The supply chain function is at the epicenter of this mess trying to optimize operations in an extremely volatile landscape and numerous challenges:

- Poor quality of master data related to supply chain network, lead times, constraints, costs is resulting in poor plans.

- Silo-ed plans across distribution, manufacturing and procurement resulting in excess inventory and costs when demand changes.

- Unable to provide real-time supportability and cost-to-serve answers to different demand and supply scenarios.

- Inability to control inputs and explain outputs resulting in loss of trust and manual overrides of plans

It looks like that the existing business planning systems and processes are unable to serve the newly emerged needs for insights and recommendations on a near real time basis. There is need for more advanced capabilities, such as:

Broader Visibility: internal and external data ingestion in unstructured and structured formats that follow a product from order to delivery. This enhanced visibility eliminates three concerns, in particular: the chase to get information to understand what’s happening, the scramble to fix a problem when an issue is identified, and the anxiousness that arises when a decision is made without understanding all the ramifications and hoping the right one was made.

Common Set of Performance Indicators: Clearly, when an organization is communicating well, productivity improves, a common vision emerges, and the whole team moves in unison towards an end goal. However, if these common goals aren’t identified and communicated, the result is internal conflict and confusion. All users are aligned on a set of priorities such as OTIF, Order Cycle Time, total value of inventory, and other high-priority KPIs.

Root Cause Analysis and Corrective Action: The ability to do root cause analysis and determine the corrective action is a strategic differentiator. The power to learn which complex relationships (often undetectable in the massive amounts of data) cause negative impacts, preemptively addressing them before they escalate to a crisis level. This automation gives planners both a greater sense of assurance and ease, as well as the ability to focus on higher-value tasks throughout the course of their work.

Near Real-Time Visibility and Collaboration: There is inherent value in any level of organizational visibility and communication. Historical data is beneficial when doing a post-game analysis of what went wrong. Just ask any football coach how important it is to review and discuss game footage to learn from mistakes. However, these reviews will only take a team so far. There is far greater value in real-time information in the height of competition and the ability to “call an audible from the line of scrimmage” to modify a play.

Better Data Connectivity: As awful as cliches are, data is the new oil. It’s not the raw data that creates value, but the insights derived from the nuanced connections hidden within oceans of data. Sadly, the human brain isn’t capable of focusing on more than two things at once. So it is impossible for a supply chain leader to make sense of the hundreds, thousands, and even millions of data points that can empower them to make a truly informed decision. Leveraging a built-for-purpose platform that pulls all this data together and gives one or two results to focus on makes the lives of supply chain leaders more manageable and delivers better results.

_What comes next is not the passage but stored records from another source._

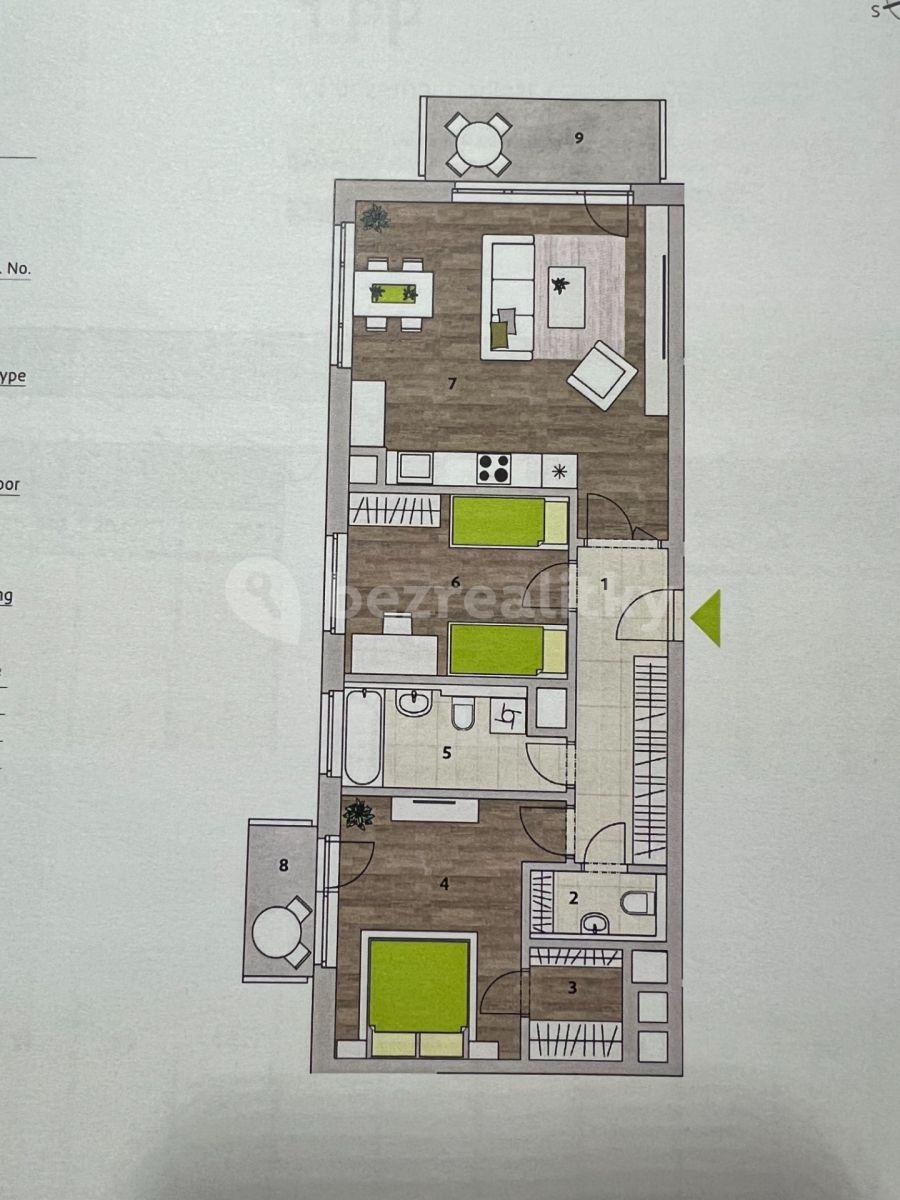 Predaj bytu 3-izbový 96 m², T. G. Masaryka, Horoměřice, Středočeský kraj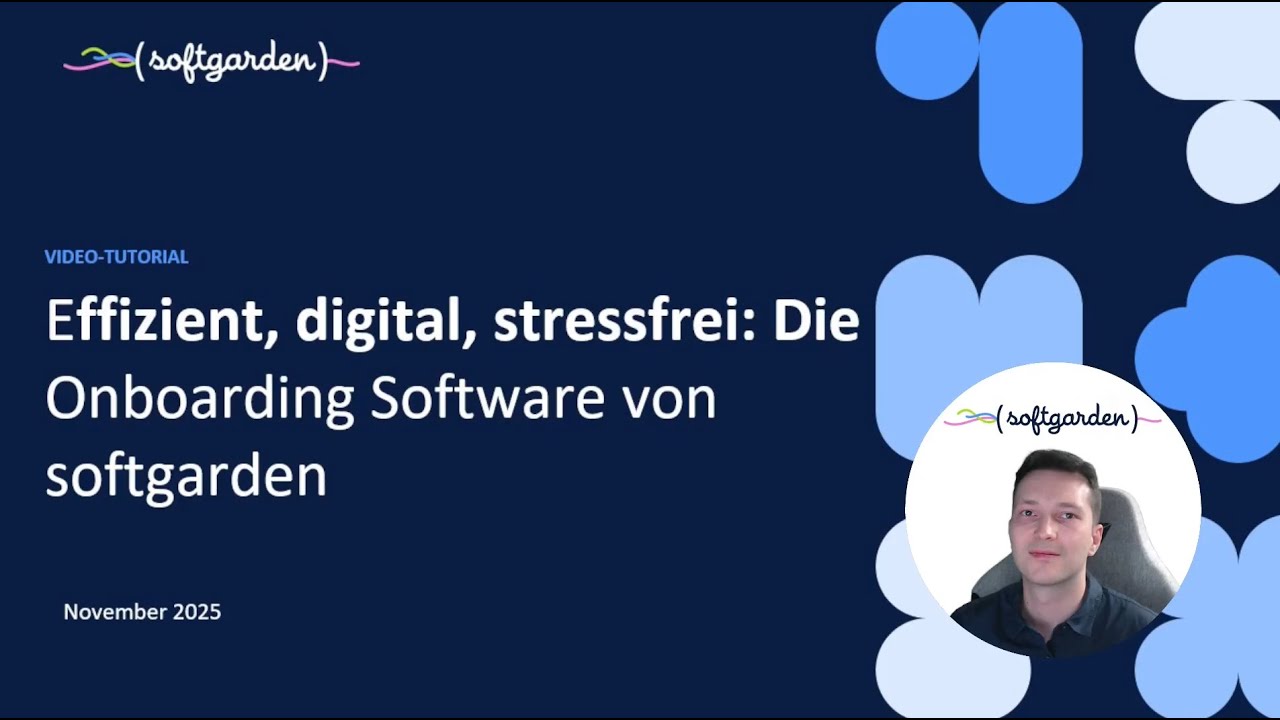 1. Effizient, digital, stressfrei: Die Onboarding Software von softgarden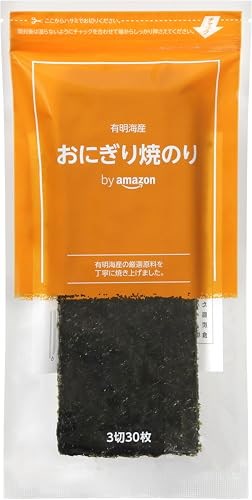 他サイト： Happy Belly 焼のり おにぎり用 3切30枚 有明海産の商品画像
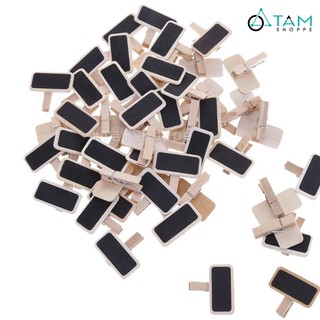 Kẹp note bảng đen viết phấn mini [kẹp gỗ - dễ viết] BANGDEN-10 TTTM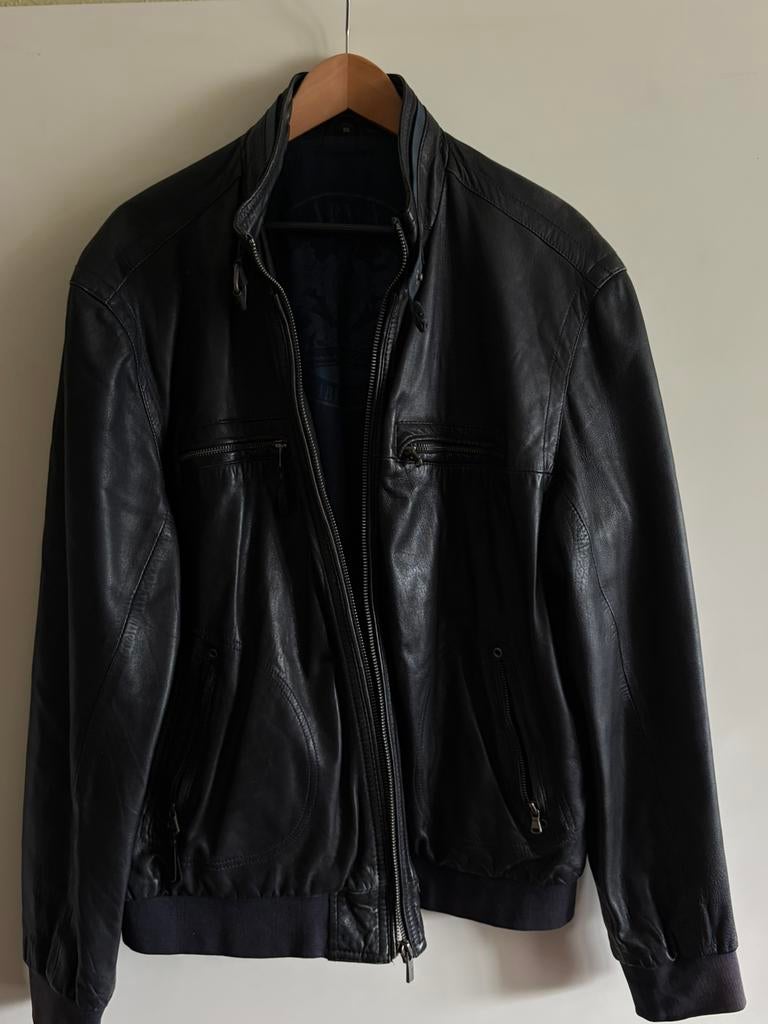 Lederen jas/jack, Ophalen of Verzenden, Zo goed als nieuw, Maat 56/58 (XL), Bruin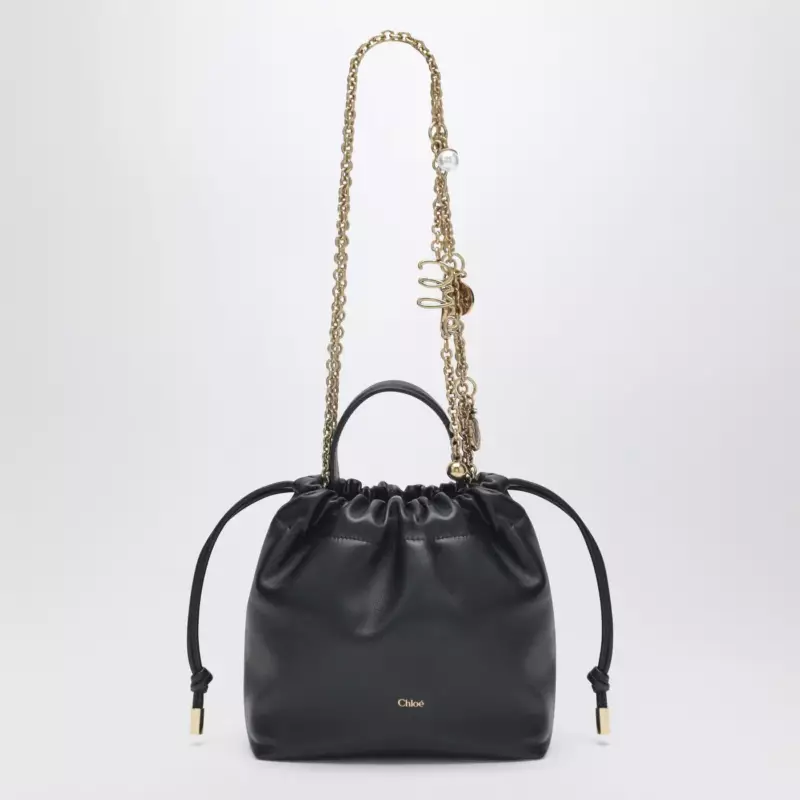 Chloé Black mini shoulder bag with chain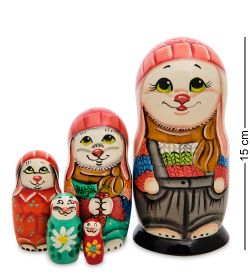Народные промыслы МР-24/ 93-A Матрешка 5м «Зайка»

More Accurate Predictions: Each improvement in this list is a critical component to success. However, the list purposefully concludes with the end state benefit of more accurate predictions, based on the five items mentioned above. With all these things working in lockstep (broad visibility, real-time collaboration, root cause analysis, common KPIs, and data connectivity), the recommendations generated from an AI/ML-powered engines create a strategic advantage and drive the business to higher levels of performance.

The term “Control Tower” has been lately introduced as an umbrella term for the platforms supporting the capabilities listed above. We could easily state that they constitute the Digital Transformation of the supply chain functions. The investment of acquiring those capabilities is significant. Even more significant is the cost and the associated risks for those organizations that will not invest. Now is the time.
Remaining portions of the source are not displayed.